So here we are, in our clothes. Well, maybe you’re wearing clothes while you listen to this. I’m probably not wearing much while I record it. Which is one of the reasons I haven’t turned on the camera when I record this, like I said I was considering. The camera is here, it’s mounted up on the wall and ready to go. I just haven’t done it yet because I’m usually recording this without much on and if I give you video of that you’ll go wild and it might disrupt your whole life. You’ll start stalking me and writing songs and poems for me and sending me boxes of frozen steaks. Well, that wouldn’t be so bad. But that’s how crazy good looking me and my body are. People just can’t take it. It’s a burden I live with, and I don’t want to bother you with it here.

And while we’re talking about clothes, I’d be remiss if I didn’t say something about Comic-Con, which just happened again last week down in San Diego. You know what Comic-Con is, right? It started out a long time ago as a comics convention, but now it’s a big costume party. It’s thousands of people milling around the San Diego convention center, half of them wearing costumes and posing, the other half taking pictures of them. There’s a convention of sorts too I suppose, sessions where the celebrities of this subculture speak into microphones and answer questions and autograph $300 dolls. Now I’ve lived most of my life in subcultures of one kind or another, so I really do understand why people want to dress up and why they might be into anime or manga or the other thousand things that make up Comic-Con. I don’t understand making and wearing the costumes. Most of the things the costumes reference are really idiotic and infantile. Cartoons and comic book characters. Super heroes. I’m baffled as to how any adult could have an interest in a super hero movie. Like why adults go to see the Fantastic Four or whatever the hell those things are. Captain America. Really? If I went past that on my TV and could see it for free in my underwear on my couch I wouldn’t do it. I just don’t get the appeal.

But movies aside, what really fascinates me about the people who anticipate Comic-Con all year and practically pee their pants when they finally get to walk in the door is the weird relationship between the people wearing the costumes and the hundreds of people who show up just to photograph them. If you ever see pictures from Comic-Con – and you can hardly not see any – in the backgrounds you’ll usually see hundreds of people aiming cameras at the same thing at the same time. The cameras are everywhere because the young girls in tight, stretchy costumes are everywhere. They are called cosplayers. because everything has to have a name and special terminology, and if you just said, “I like wearing costumes,” everyone would think you were weird. And if you told them you spent all of your spare time making those costumes, they’d really think there was something wrong with you. So they came up with the cosplayer name and that legitimized the whole thing, because you can’t have an official name for something unless it’s legit, right?

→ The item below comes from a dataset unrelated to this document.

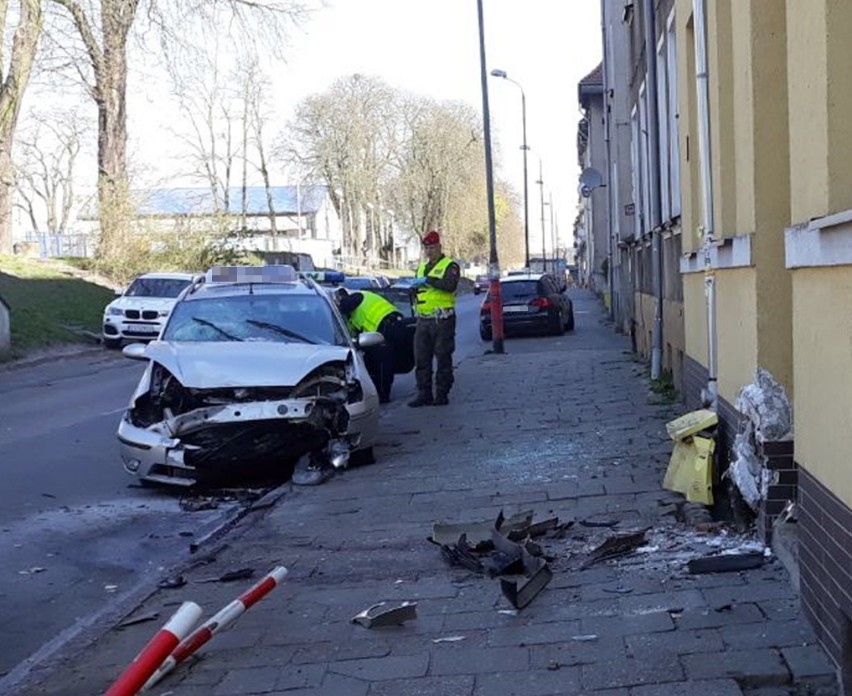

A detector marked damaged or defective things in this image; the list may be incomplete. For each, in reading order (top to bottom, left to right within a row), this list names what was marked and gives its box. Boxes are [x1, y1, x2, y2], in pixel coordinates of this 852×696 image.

severely damaged car [115, 264, 380, 486]
crashed ford [115, 266, 380, 490]
crumpled hood [145, 342, 352, 388]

But at Comic-Con the people in the costumes – the cosplayers – seem to crave the attention of all of those cameras. Even when they’re held up by smelly, grinning mouth breathers. And again, if you look at the backgrounds of the pictures of people posing at Comic-Con you’ll see the mouth-breathers and the hundreds of people around them posing. Everyone who isn’t holding a camera is posing. Maybe that’s the entire point of this thing, I don’t know. And if it’s what someone wants to do, they ought to do it. I suppose if someone likes to dress up like a character from whatever, then the ultimate end goal of that dressing up is to have someone notice them. Otherwise you’re just standing in front of a mirror in your house, and that’s got to be an awkward feeling, even for the most hardened cosplayer. No man, for them Comic-Con is the super bowl, or New Year’s Eve or Halloween, which, incidentally used to be the day for fully grown people who like to wear costumes to do their thing. We still have that you know, cosplayers. Halloween. It’s still a thing. You don’t have to go to San Diego every year, you can do it right on your block.

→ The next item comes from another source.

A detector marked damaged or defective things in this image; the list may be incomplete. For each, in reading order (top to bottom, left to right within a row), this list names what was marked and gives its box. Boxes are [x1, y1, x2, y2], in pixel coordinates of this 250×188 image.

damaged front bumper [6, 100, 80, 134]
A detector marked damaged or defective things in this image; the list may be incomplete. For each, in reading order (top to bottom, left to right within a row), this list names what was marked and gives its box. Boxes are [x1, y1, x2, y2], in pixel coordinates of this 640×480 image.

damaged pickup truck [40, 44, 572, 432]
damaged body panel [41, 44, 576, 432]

But I know that would defeat the purpose. The goal of the costume is to be seen and adored and photographed and photographed and photographed. Which is certainly fine. But it has to be embarrassing when you show up to Comic-Con as Spiderman, and in the first 15 minutes you’re there you see 38 other Spidermen. Or if you’re one of 84 Catwomen walking around the convention center. But I suppose if you’re the best Catwoman there’s some bragging rights there. But bragging rights to who? All it means is more pervy basement-dwellers will take your picture. I’d get Comic-Con if they were off somewhere among themselves, appreciating each other and doing whatever they do in those costumes in the hotel after the convention center closes. It’s the spectacle of the thing that is odd, and that’s what takes it from being subculture to culture, and from a bunch of people enjoying their own personal freakiness to something much less wonderful. To me, anyway.

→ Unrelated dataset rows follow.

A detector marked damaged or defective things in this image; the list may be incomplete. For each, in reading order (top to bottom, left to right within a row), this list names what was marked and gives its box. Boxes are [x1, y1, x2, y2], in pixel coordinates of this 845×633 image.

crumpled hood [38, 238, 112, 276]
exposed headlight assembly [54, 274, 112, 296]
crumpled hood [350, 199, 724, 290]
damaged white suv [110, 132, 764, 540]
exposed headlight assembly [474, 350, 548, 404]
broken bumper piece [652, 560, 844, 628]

Eventually every subculture is co-opted and absorbed and made mainstream. And like Heisenberg’s microscope, the observation, dissection or mainstreaming of any subculture always winds up affecting (or destroying) whatever was appealing about it to the original adopters. It only took 20 years for a tattoo on your neck to go from being a shocking and permanent sign of outsider status to being nothing more than a fashion statement. A design picked off a wall in a shop in Las Vegas. There’s nothing anyone can do about that, except move on to the next secret, taboo, underground thing. Which is probably what’s happening with the ridiculous oversaturation of Comic-Con costumery. The people who started it are probably long gone and all that’s left are the ones with the tragic and borderline psychotic need to be seen and documented. They need it so much that they’re more than willing to parade themselves around in front of people who don’t even understand them. Who just want to exploit them or masturbate while thinking about them or sell their picture to some website – or all of those things. And all of that just turn the thing that they consider to be wonderful and turns it into something that’s just plain sad. If grown men and women running around in costumes and posing at each other in a grand celebration of nothing wasn’t already sad enough.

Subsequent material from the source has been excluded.